Monday, July 20, 2009

Burmese FM: Ban’s Proposals Not Off the Table

Burmese Foreign Minister Nyan Win, center, is surrounded by security guards as he walks to the ministerial meeting retreat at the 42nd Association of Southeast Asian Nations ministerial meeting in Phuket. (Photo: AP)

The Irrawaddy News

PHUKET, Thailand —Burmese Foreign Minister Nyan Win told his counterparts from Southeast Asian nations on Sunday that issues including the release of pro-democracy leader Aung San Suu Kyi and other political prisoners recommended by UN Secretary-General Ban Ki-moon have not necessarily been ruled out. (JEG's: did he use "political" or he just mentioned prisoners in general, more tricks out of his bag?)

After an informal working dinner on Sunday, Surin Pitsuwan, the secretary-general of the Association of Southeast Asian Nations (Asean), told reporters: “We have been briefed [by Nyan Win] about the visit of the [UN] secretary-general, and we have been told some issues recommended by the secretary-general should not be taken as [having] not been accepted because [they have] not been responded to. It will take time.(JEG's: deadlines required...)

Nyan Win’s comment could be interpreted to mean that Ban’s call to release Suu Kyi and all political prisoners is under consideration by the military regime.

However, some analysts said the remark could also be a way for the ruling generals to buy time, in light of the strong international criticism they have received over the ongoing trial of Suu Kyi.

Ban called for the release of all political prisoners during his trip to Burma in early July. His request to see Suu Kyi was turned down by the military regime.

Thai Foreign Minister Kasit Piromya said on Sunday that the Suu Kyi issue should be resolved through an inclusive political process that the international community and Asean have called for.

Kasit said the criticism over Burma’s arrest and trial of Suu Kyi was not interference in the country’s internal affairs.

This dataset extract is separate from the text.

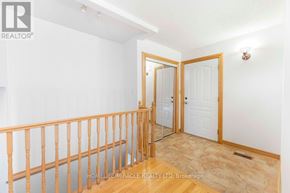 Oshawa (Samac) apartment for rent - A room with a wooden balcony and white walls.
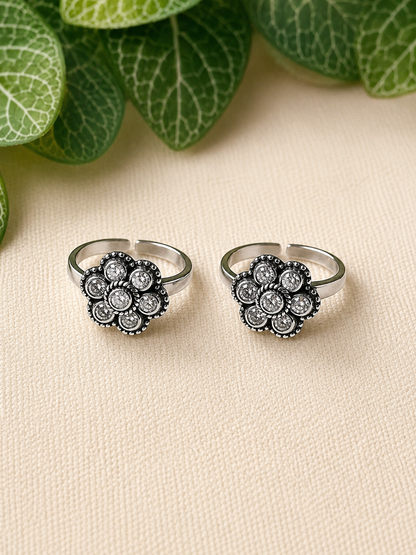 A pair of silver-toned open-shank rings with oval cluster floral motifs featuring clear stones and dark oxidized detailing, displayed on a beige textured surface with green leaves in the background.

“I think it is a part of the whole inclusive political process,” he said. “We do not disrupt or interfere in the internal affairs of Myanmar [Burma]. But Myanmar is a part of the Asean family.”

Responding to questions about a possible Asean role in monitoring Burma’s upcoming elections in 2010, Kasit said it was a possibility but no discussions have taken place.

With the foreign ministers’ approval of the Terms of Reference language for the new Asean Human Rights Body, Asean will now form a human rights commission comprised of representatives from member countries.

Kasit told reporters that ministers are generally supportive of the proposed name “Asean Inter-Governmental Commission on Human Rights.”

Other issues relating to Burma included a faster visa processing effort for members of the Tripartite Core Group, who work on the Cyclone Nargis relief effort.

Surin said the regime needs to play a more active role in granting visas for humanitarian workers.

“There have been some serious backward steps,” he said. “The TCG will have to be a part of the decision process [on visas for relief workers].

The TCG is comprised of Burmese officials, Asean and the UN. During the 14th Asean Summit in Cha-am in late February, the Burmese regime agreed to extend the mandate for TCG to work until July 2010, while Asean and the UN have called for a three-year recovery plan for the Cyclone Nargis relief effort.

Commenting on the human rights body at a press conference, Thai Prime Minister Abhisit Vejjajiva said on Monday the rights body will operate under three principles: credibility, realism and evolution.

The first step will be the promotion of human rights for the 577 million Asean citizens, he said.

Protection, or enforcement, “of human rights will be an evolving process,” Abhisit said. “Better to make a start than no progress at all."

Some human rights groups in the region have expressed disappointment over Asean’s perceived lack of commitment and means to enforce human rights’ protection in the region.

"Without the protection mandate and the independent experts, the Asean human rights body will be a toothless tiger,” said Yap Swee Seng, the executive director of the Asian Forum for Human Rights and Development in a statement.

On Tuesday, US Secretary of State Hillary Clinton will meet with the Thai prime minister in Phuket. She will attend the full meeting of the Asean Regional Forum on Wednesday and Thursday.

Clinton is expected to address the issues of North Korea, the political situation in Burma and the recent terrorist bombing in Jakarta.